*** RECORDS FOR THIS TASK ***

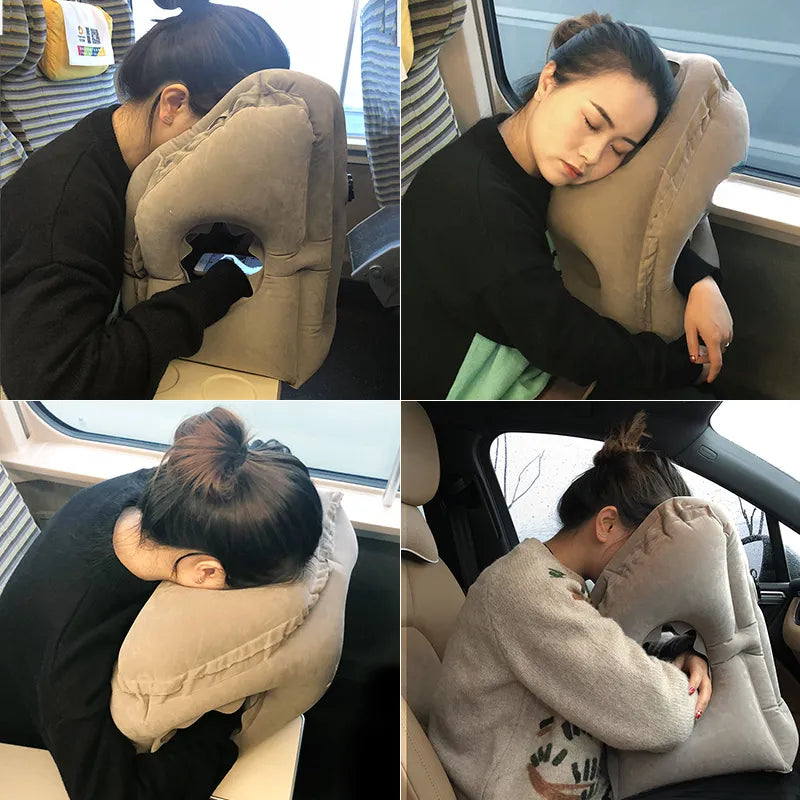 Upgraded Inflatable Air Cushion Travel Pillow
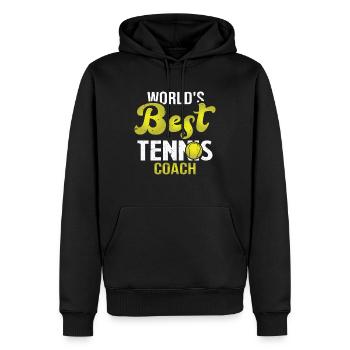 Worlds best tennis coach, Cadeau pour tennis coach - Sweat à capuche Premium bio Homme - noir - Devant - Nico (187cm)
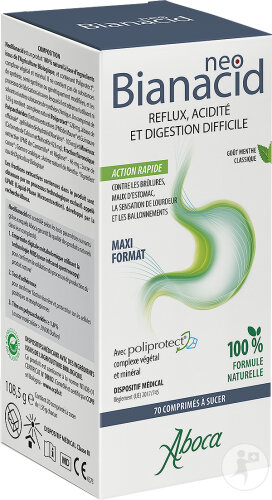 Aboca Neobianacid Goût Menthe Reflux Acidité Et Digestion Difficile 70 Comprimés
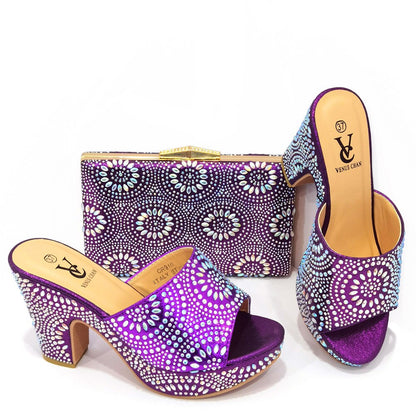Latest Design African Wedding Italian Shoe and Bag Sets Decorated with Appliques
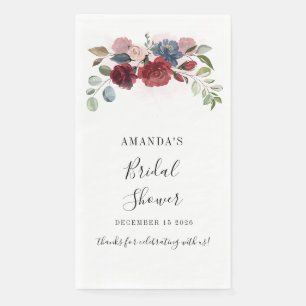 Servilleta De Papel Ducha de Novia Burgundy Floral Rústica Personaliza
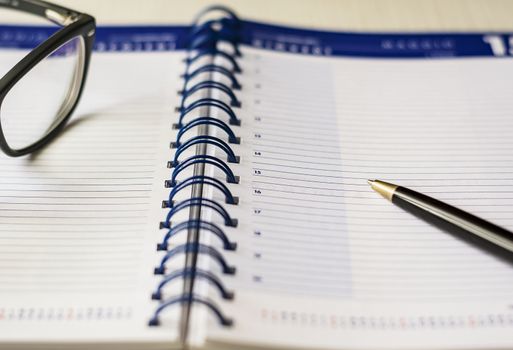 Eyeglasses and a pen on a blank spiral diary agenda. Business and time schedule concept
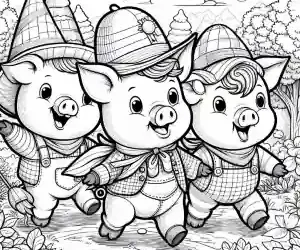 Dibujo de los tres cerdito cantando para colorear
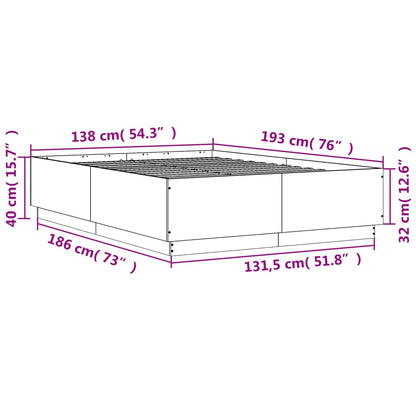 Bed Frame without Mattress Sonoma Oak 135x190 cm Double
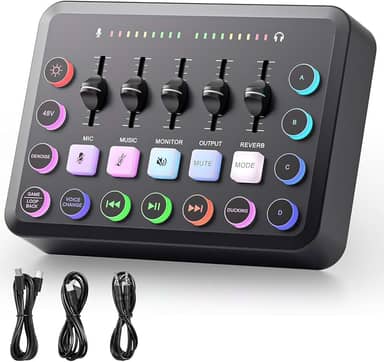 Interface de Audio, Mixer de Áudio RGB para Gaming com 5 Canais, Fonte Fantasma 48V, Live Sound Card with XLR Microphone Interface, Controle Individual, Botão Mute, for Podcast/Vocal/Gravação/Jogos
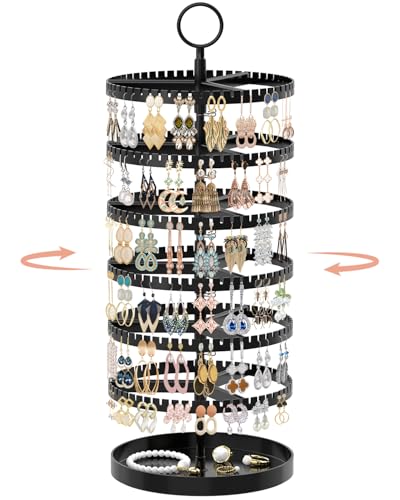 iDavosic.ly 6 Tier Rotating Earring Holder Organizer, Metal Tray, Black | Space Saving Display Stand Tree, Large Capacity Storage Rack with 342 Plastic Grooves, Adjustable for Long Dangle Hoop & Stud
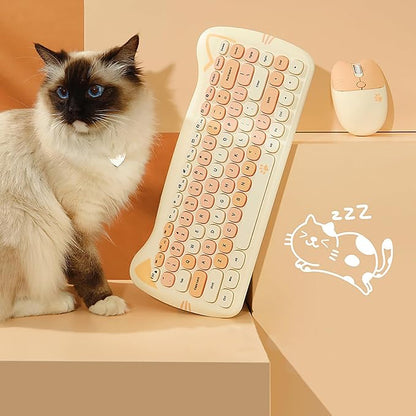 Cute Cat 2.4G USB Wireless Keyboard and Mouse Combo, Silent Keys, Candy Colors, Compatible with Notebook, PC (MilkTea-84Keys)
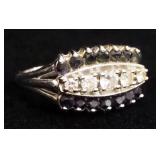 14K White Gold Ring With Black And Clear Stones, Possibly Topaz And Moissanite, Size 5-1/4, Approx 5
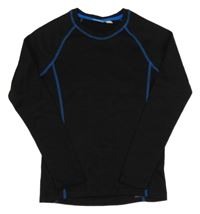 Čierne funkčné tričko s modrým prošitím Crivit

***

Your output should be the lines above from the one that contains "Interface de Audio, Mixer" through the one that contains "iDavosic.ly 6 Tier", word for word, with pictures left out.

 Interface de Audio, Mixer de Áudio RGB para Gaming com 5 Canais, Fonte Fantasma 48V, Live Sound Card with XLR Microphone Interface, Controle Individual, Botão Mute, for Podcast/Vocal/Gravação/Jogos
 iDavosic.ly 6 Tier Rotating Earring Holder Organizer, Metal Tray, Black | Space Saving Display Stand Tree, Large Capacity Storage Rack with 342 Plastic Grooves, Adjustable for Long Dangle Hoop & Stud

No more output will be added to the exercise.